Metadata-Version: 2.1
Name: solartoolbox
Version: 0.4.1
Summary: A research toolbox for solar analysis
Home-page: https://github.com/jranalli/solartoolbox
Download-URL: https://github.com/jranalli/solartoolbox/archive/0.4.1.tar.gz
Author: Joe Ranalli
Author-email: jranalli@psu.edu
License: BSD (3 Clause)
Description-Content-Type: text/markdown
License-File: LICENSE
Requires-Dist: numpy <2
Requires-Dist: pandas
Requires-Dist: tables
Requires-Dist: pyproj
Requires-Dist: pvlib
Requires-Dist: netcdf4
Requires-Dist: scipy
Provides-Extra: demos
Requires-Dist: matplotlib ; extra == 'demos'
Requires-Dist: jupyter ; extra == 'demos'
Provides-Extra: docs
Requires-Dist: sphinx ; extra == 'docs'
Requires-Dist: nbsphinx ; extra == 'docs'
Requires-Dist: sphinx-rtd-theme ; extra == 'docs'
Provides-Extra: tests
Requires-Dist: pytest ; extra == 'tests'

# SolarToolbox
Spatial analysis tools for solar energy research

`solartoolbox` is a python package containing implementations of various spatial algorithms for solar energy data.
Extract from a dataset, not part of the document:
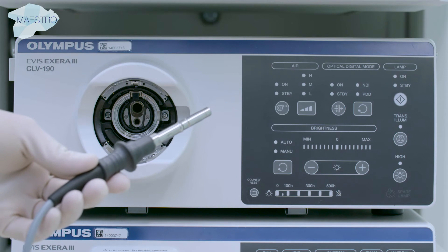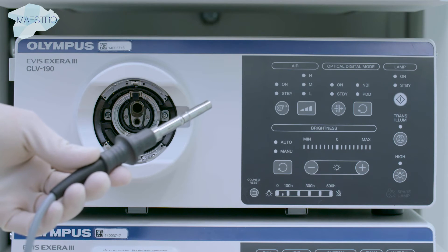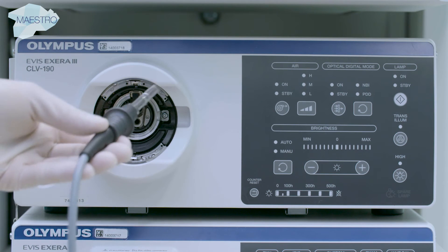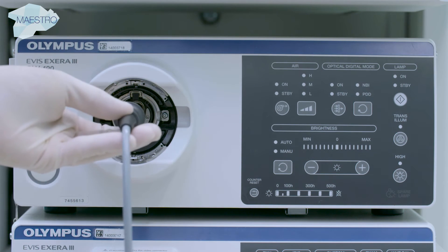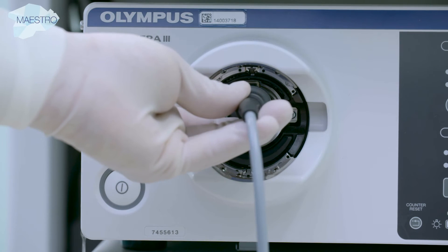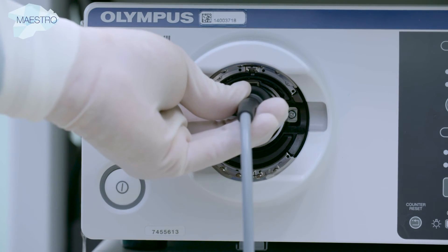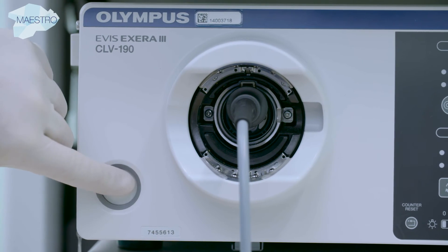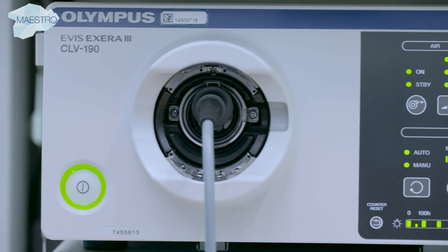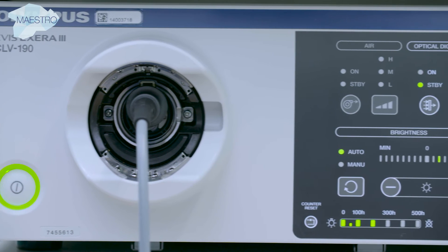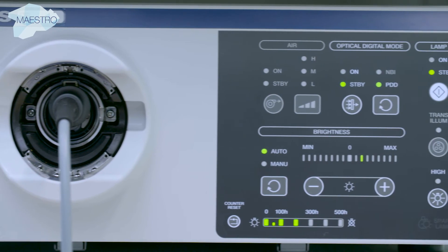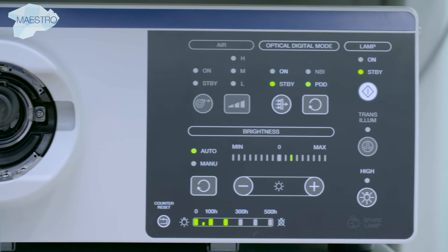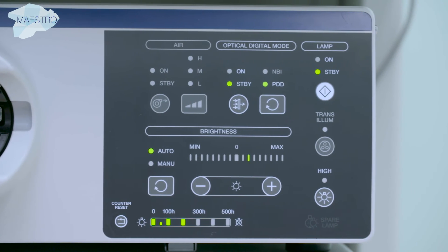The light guide cable needs to be plugged into the universal connector of the light source. The green light indicates that the light source is on. Light settings and special modes can be adjusted using the user interface.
While excellent open source solar energy packages already exist (e.g. [pvlib-python](https://github.com/pvlib/pvlib-python) and [pvanalytics](https://github.com/pvlib/pvanalytics)), the complexity of some high-level analyses found in the academic literature makes them as a poor fit for the scope of existing packages. This package fills that gap by implementing techniques that we hope can facilitate common spatial tasks for solar energy researchers and provide a platform for consistency and efficiency improvements in these calculations. 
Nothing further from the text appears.